Proper 65C02 core

Arlet · Post by **Arlet** » Mon Apr 23, 2012 6:26 pm

BigEd wrote:

A two-cycle branch-taken would help... and indeed, we see Michael has given us both a test program listing m65c02_tst2.lst and a trace of activity M65C02_SV_Output.txt which shows a BRA taking only two cycles (line 36)

Yes, but with internal block RAM or external RAM, a branch taken would take at least 3 cycles.
- 1 cycle for opcode fetch
- 1 cycle for operand fetch
- 1 cycle for changing PC/AB
(opcode fetch in next cycle)
I noticed that the RAM in M65C02_RAM.v is asynchronous, so that could make a two cycle branch possible, because you can combine next opcode fetch with changing PC/AB. However, that would mean the program needs to be stored in LUT RAM.

Windfall · Post by **Windfall** » Mon Apr 23, 2012 6:40 pm

GARTHWILSON wrote:

You did say "drop-in replacement" though, which means it goes into existing boards.

If you interpret it literally, yes

. I meant metaphorically, as in 'without needing changes to the interface'.
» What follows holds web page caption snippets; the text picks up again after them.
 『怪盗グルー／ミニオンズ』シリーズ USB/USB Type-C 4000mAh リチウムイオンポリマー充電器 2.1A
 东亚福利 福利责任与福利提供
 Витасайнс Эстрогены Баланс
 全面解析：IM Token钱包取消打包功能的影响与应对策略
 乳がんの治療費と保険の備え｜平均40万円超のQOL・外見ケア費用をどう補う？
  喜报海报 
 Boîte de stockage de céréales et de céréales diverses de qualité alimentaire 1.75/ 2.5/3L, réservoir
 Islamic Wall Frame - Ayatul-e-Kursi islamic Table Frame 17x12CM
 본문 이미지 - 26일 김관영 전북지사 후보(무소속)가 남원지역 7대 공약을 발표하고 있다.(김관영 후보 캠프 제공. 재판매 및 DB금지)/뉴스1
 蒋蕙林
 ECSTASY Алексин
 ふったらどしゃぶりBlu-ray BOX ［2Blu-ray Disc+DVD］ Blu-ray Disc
I'm all for some nitfy, new flexibility under the hood, but the top level of the design should be a 'drop-in replacement' (see, I used quotes this time

).

MichaelM · Post by **MichaelM** » Mon Apr 23, 2012 11:34 pm

Arlet:

Sorry to have missed your earlier post.

My objective in the core implementation was for the basic synchronous logic to operate at 100 MHz. The only way to achieve this is to implement extra adders and decrementers for the next address, i.e. program counter, and the stack pointer, and to add some pipelining. Thus, the core uses several of these additional functional units to perform several operations in parallel. As a consequence, the LUT utilization is not nearly as resource efficient as the core that you developed.
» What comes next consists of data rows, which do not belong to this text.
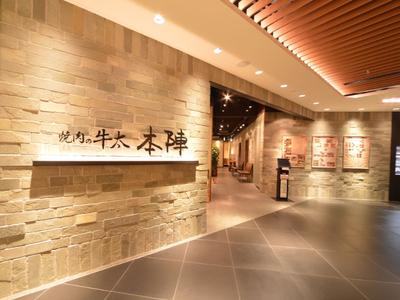 株式会社ファクト 焼肉の牛太本陣 梅田店[22806]AFのアルバイト写真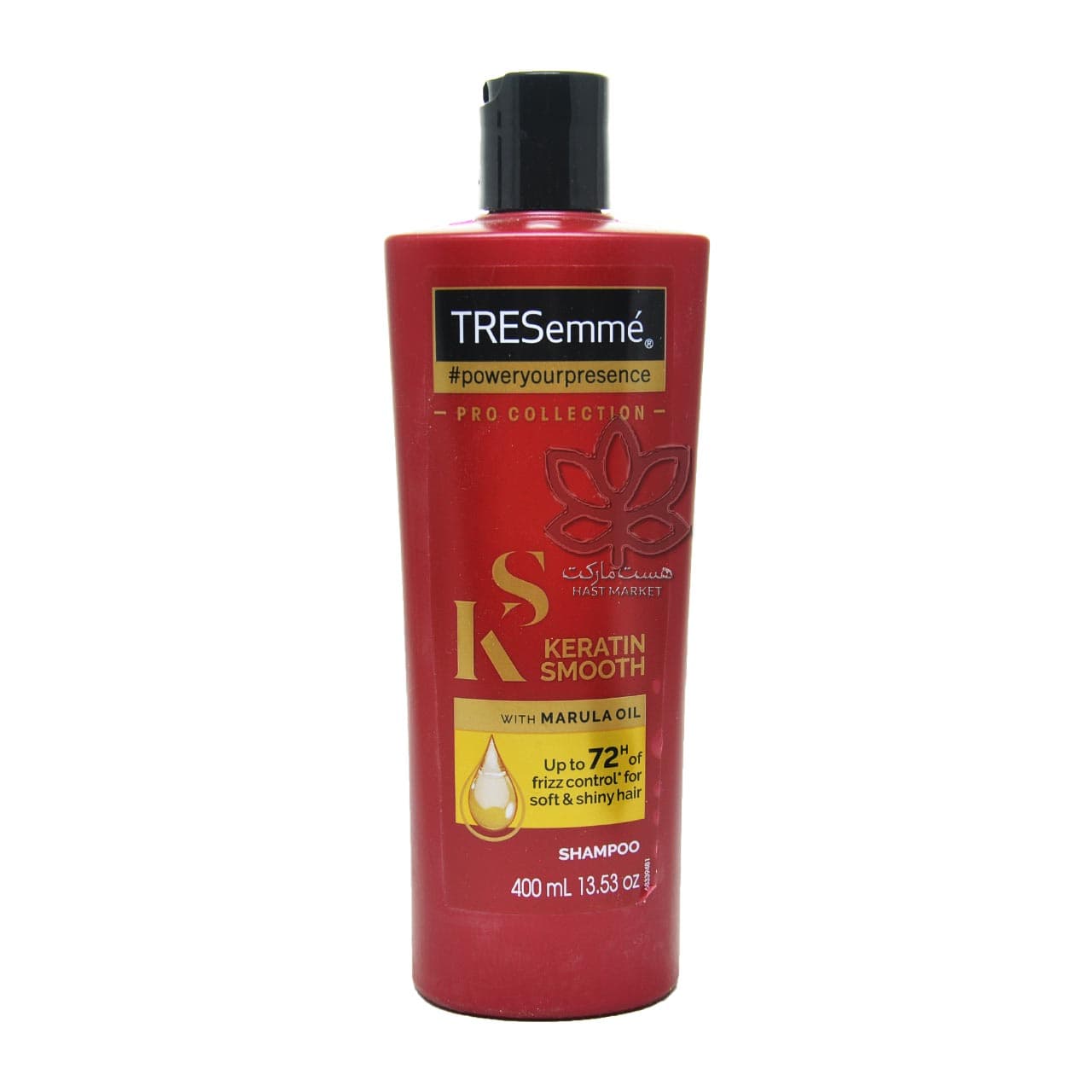 شامپو پنج کاره با روغن مارولا 400 میل کراتین ترزمه – tresemme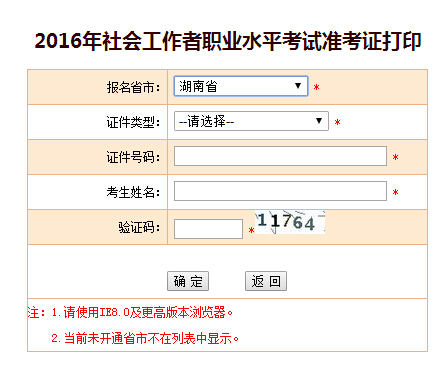 2016年湖南社會(huì)工作者考試準(zhǔn)考證打印入口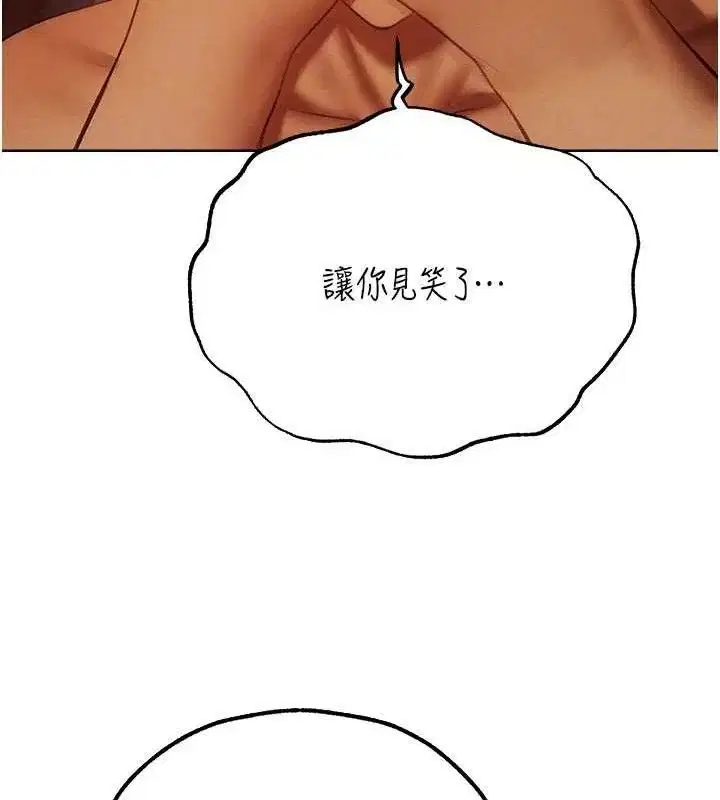 第99話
In the main core file at line 670 and 695, the left and right operands, respectively, for the next address are produced by 16:1 multiplexers. I did design/assign the operand select codes for the next address generator in a fashion that allows some logic reduction. When I first formulated these multiplexers, I created a combinatorial logic loop through the RAM. I broke that loop by requiring the operands for the next address to be sourced from a register: PC, OP2, OP1, or S (StkPtr). In parallel with the NA adder at line 720, the next PC value is computed in the always block at line 740. A multiplexer in that always block performs the operand selection and next PC computation. In contrast to NA, the next PC value may include the current input from the RAM, DI, as an operand. (DI is the memory input bus, and is used to drive the IR, OP1, and OP1 registers, and the address bus of the two microcode block RAMs during the cycle when the instruction opcode is present on the bus.)
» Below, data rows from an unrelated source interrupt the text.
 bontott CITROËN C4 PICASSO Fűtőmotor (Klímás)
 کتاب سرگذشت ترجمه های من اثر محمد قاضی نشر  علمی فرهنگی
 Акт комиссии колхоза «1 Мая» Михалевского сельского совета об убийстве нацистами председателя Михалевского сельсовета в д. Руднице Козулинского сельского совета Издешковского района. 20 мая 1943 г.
Instruction execution is completed in a single cycle (except for BCD mode ADC/SBC instructions) during the instruction fetch cycle of the following instruction. Thus, the condition code status flag which affects the branch instruction is present on the cycle during which the branch address offset is being fetched. At line 750, the PC value is computed using the state of the selected CC flag, and is either the next sequential address (branch not taken) or the current PC + offset + 1. For RTI/RTS instructions, the next instruction's address is computed at line 749.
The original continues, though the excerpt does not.